WORK TO BE COMPLETED - From the listing below, pull out all lines with "Pedro" in them.

GIVEN RECORDS -
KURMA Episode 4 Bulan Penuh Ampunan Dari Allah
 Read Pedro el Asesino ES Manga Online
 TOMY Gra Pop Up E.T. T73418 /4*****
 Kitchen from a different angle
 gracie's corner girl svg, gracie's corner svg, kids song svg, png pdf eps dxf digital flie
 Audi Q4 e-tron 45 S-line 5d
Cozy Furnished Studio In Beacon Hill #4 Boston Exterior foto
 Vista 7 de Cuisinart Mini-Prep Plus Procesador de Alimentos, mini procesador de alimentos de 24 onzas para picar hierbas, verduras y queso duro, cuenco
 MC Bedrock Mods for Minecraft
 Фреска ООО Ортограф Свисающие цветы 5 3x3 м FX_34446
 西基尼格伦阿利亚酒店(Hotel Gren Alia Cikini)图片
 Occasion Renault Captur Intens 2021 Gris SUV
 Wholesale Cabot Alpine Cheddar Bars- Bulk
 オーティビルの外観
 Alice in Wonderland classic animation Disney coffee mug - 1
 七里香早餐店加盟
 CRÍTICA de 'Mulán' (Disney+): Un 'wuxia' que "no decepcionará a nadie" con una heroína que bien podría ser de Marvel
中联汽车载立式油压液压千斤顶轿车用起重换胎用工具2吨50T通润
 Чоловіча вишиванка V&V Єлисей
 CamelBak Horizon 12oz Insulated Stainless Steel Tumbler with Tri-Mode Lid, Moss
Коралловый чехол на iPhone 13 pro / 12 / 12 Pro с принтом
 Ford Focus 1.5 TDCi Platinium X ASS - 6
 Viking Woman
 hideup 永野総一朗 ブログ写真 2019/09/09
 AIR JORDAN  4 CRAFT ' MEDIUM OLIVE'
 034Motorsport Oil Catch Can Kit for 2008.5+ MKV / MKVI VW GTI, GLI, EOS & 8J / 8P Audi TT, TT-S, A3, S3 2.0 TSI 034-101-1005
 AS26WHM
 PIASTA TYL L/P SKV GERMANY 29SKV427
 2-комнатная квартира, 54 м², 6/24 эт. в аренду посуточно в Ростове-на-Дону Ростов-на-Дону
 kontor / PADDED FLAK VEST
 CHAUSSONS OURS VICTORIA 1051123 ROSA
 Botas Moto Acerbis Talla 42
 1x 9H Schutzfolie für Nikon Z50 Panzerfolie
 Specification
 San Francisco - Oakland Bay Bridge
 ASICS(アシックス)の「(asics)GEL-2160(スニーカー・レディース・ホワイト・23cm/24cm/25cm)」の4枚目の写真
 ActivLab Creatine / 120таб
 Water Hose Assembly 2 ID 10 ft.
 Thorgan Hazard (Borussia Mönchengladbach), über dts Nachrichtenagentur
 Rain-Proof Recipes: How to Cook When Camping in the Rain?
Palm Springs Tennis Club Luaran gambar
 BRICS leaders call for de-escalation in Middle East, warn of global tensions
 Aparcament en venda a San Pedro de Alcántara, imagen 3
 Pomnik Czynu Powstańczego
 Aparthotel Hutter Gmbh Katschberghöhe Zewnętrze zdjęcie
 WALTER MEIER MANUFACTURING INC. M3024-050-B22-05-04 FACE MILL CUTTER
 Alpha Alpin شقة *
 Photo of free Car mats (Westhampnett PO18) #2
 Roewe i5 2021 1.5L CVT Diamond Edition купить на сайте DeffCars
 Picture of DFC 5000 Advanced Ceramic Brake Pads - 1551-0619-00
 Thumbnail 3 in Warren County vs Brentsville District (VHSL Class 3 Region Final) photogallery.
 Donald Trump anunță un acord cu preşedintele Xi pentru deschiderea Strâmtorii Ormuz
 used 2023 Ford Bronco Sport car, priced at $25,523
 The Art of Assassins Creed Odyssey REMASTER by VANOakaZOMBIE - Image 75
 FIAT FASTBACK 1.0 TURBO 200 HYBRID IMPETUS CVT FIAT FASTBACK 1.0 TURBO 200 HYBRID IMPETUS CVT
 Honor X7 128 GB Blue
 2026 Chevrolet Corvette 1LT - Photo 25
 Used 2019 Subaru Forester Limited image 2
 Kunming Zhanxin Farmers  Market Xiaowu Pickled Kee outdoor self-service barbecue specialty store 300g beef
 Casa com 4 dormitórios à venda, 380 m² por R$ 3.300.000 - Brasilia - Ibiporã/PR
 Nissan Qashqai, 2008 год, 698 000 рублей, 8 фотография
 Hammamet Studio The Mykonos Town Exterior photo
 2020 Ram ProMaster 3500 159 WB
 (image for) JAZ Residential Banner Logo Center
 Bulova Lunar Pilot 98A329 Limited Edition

RESPONSE AREA -
 Read Pedro el Asesino ES Manga Online
 Aparcament en venda a San Pedro de Alcántara, imagen 3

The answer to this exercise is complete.